Editor’s note: This essay is an entry in Fordham’s 2023 Wonkathon, which asked contributors to answer this question: “How can we harness the power but mitigate the risks of artificial intelligence in our schools?” Learn more.
How can we harness the power but mitigate the risks of AI in our schools? To paraphrase mega-wonk James Carville, “it’s about the data!”
Although AI has a sixty year history in education, today’s meaning of AI is heavily influenced by just one year of experiences with ChatGPT. This essay, however, is not about harnessing the power and mitigating the risks of ChatGPT or a concept of generative AI that is conceived narrowly in the image of ChatGPT. That would be shortsighted.
Instead, a wise policy should be grounded in sound, long-lasting foundations. The foundation of today’s AI is data. AI works by finding patterns in data, abstracting these to a model, and then applying the model to produce novel information that reproduces characteristics of the original data. Thus, the core problem in either harnessing the power or mitigating the risks of using today’s generative AI in education is the data.
(ChatGPT was not built using educational data nor information about educational processes. Although it can produce outputs similar to those produced in educational settings, it cannot predict the processes that enable humans to learn. This is because the bots that crawl the web to assemble the data for building today’s large language models don’t have access to learning process data.)
Sufficient data is also not available to today’s researchers, developers, or innovators who are experts in applying AI to education. Indeed, those who are best positioned to build education-specific “foundational models” complain of the difficulty of obtaining large, relevant data sets. Consequently, the path to powerful, low-risk AI in education must start with the problem of safely providing access to enough data to abstract out models specific to educational problems. It has to be data about the processes of teaching and learning.
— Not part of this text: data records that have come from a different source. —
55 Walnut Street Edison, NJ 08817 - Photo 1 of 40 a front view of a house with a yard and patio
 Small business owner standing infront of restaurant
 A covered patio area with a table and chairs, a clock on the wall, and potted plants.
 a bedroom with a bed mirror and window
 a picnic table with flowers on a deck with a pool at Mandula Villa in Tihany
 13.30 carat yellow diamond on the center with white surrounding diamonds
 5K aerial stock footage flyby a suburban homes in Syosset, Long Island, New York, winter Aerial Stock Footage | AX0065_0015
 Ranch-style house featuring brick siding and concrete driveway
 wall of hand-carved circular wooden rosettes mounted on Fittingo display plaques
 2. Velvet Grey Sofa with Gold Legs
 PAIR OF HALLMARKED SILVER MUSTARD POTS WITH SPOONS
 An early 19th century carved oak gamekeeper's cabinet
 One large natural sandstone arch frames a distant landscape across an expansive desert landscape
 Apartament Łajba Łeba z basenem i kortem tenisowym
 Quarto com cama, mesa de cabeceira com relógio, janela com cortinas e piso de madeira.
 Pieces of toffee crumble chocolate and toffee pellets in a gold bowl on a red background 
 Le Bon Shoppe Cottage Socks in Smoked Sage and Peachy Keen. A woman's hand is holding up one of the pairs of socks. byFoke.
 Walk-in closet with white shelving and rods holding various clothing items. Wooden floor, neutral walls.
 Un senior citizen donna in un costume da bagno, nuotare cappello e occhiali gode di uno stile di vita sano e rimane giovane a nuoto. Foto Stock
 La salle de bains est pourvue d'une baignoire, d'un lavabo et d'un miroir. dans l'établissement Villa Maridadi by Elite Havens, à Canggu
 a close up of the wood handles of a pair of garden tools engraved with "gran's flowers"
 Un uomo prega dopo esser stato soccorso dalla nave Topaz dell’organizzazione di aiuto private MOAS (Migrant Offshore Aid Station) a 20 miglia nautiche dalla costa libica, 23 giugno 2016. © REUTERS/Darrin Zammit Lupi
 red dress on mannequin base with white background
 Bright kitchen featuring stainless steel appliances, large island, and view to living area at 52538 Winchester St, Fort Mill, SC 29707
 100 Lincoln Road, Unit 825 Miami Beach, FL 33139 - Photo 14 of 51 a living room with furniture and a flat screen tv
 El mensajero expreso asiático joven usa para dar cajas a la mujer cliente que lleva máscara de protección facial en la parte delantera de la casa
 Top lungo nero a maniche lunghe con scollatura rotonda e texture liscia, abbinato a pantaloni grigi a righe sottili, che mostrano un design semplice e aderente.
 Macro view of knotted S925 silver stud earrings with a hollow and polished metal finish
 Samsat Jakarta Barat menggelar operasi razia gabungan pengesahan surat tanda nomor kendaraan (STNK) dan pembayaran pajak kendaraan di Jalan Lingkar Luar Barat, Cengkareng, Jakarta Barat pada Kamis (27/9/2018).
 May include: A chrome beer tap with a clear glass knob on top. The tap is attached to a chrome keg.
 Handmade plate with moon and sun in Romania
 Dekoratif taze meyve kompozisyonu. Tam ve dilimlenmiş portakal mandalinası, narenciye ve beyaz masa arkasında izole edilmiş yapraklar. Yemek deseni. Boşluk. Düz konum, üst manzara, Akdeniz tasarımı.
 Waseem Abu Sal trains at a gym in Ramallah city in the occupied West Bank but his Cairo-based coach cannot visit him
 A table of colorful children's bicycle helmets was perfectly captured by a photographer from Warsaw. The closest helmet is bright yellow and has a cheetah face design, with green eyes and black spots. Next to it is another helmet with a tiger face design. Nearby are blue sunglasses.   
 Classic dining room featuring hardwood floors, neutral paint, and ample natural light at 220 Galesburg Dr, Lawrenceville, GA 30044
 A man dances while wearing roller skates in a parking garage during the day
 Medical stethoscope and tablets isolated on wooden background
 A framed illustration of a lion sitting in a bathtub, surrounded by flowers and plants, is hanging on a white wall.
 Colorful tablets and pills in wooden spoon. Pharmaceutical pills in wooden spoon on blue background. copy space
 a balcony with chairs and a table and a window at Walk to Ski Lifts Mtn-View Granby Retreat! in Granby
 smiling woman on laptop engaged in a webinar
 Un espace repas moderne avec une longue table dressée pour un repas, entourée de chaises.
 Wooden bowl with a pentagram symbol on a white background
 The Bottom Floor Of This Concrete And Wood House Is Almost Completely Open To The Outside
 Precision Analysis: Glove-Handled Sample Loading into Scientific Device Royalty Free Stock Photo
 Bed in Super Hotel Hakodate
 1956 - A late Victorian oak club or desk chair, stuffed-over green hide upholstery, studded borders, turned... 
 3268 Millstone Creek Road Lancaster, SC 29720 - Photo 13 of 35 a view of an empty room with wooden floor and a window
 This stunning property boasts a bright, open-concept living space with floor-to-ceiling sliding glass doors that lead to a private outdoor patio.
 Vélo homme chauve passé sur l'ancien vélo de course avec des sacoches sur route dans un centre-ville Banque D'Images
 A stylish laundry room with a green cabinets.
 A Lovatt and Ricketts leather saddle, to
When talking about big data in education, it is necessary to acknowledge the fallout of the well-publicized failure of InBloom, which was an attempt to centralize ed-tech data. The public will not give carte blanche for the centralization of private student data. But massive centralization is not necessary.
Instead, an AI model could be built using a privacy-protecting data sharing mechanism, such as a secure enclave. In an enclave, the data remains local. An API allows local servers to run a computation and return statistical, aggregate information about the data—importantly, not disclosing the data itself. Although untested, it would be possible for an AI-model-builder thereby to develop a model without ever having access to complete data, but instead only asking for certain statistical properties of local data to be reported back. The first component of my policy proposal is: (1) fund research into building AI models via privacy protecting mechanisms so that local communities could participate in building relevant models without disclosing all their data.
When AI starts by building extremely general models and then attempting to apply them to specific educational situations, risks abound. Thus, a second aspect of my proposal suggests that our efforts towards powerful, safe AI should begin with well-bounded problems. One that seems well suited to today’s AI is determining how to provide optimal supports for learners with disabilities to progress in mathematics problem solving. Although I believe parents are not willing to share their students’ data in general, I can imagine a collective of parents becoming highly motivated to share data if it might help their specific neurodiverse student thrive in mathematics. Further, only limited personal data might be needed to make progress on such a problem. Thus a second element of my proposal is (2) energize nonprofits that work with parents on specific issues to determine how to achieve buy-in to bounded, purpose-specific data sharing. This could involve a planning grant stage, which if successful, would result in money needed to establish a local privacy-protected method of sharing data.
The third part of my proposal would be to fund teams to build new education-specific models around targeted problems and privacy-protected data. There are already sufficient numbers of talented AI researchers who would step up to the challenge of crafting education-specific AI models given an important societal problem and access to enough relevant data. However, there would initially need to be support to (a) negotiate mutually agreeable limitations and benefits with parent and school groups who control the data and (b) determine ethical policies so that the benefits of the resulting AI models are available to those who participated in the research and so that they experience additional favorable returns should the AI models prove useful outside their originating collective. I believe existing federal grants (at multiple agencies) could support this. Thus, the third part would use existing grant funding mechanisms to build powerful and low-risk AI models via researcher-parent partnerships that focus on targeted uses of AI in education.
In summary, I argue against trying to domesticate the wild capabilities of today’s general-purpose generative AI tools. Instead, I argue for an alternative regime based around three commitments:
- Enabling local owners of student and teacher data to share statistical properties of their data, without sharing the data itself, via emerging privacy-protecting technologies.
- Developing buy-in for creating new education-specific AI models by forming collectives of parents who are motivated to share data to solve targeted problems.
- Funding partnerships, for example, of talented AI researchers with parent groups, in order to use data to build models to solve targeted problems that the parents and researchers mutually care about.
Harnessing powerful AI while mitigating risks would thus be achieved by privacy-protecting mechanisms for sharing data; building buy-in for limited data sharing; and forming collectives among scientists and members of the public who agree to mutually engage in solving a targeted educational problem.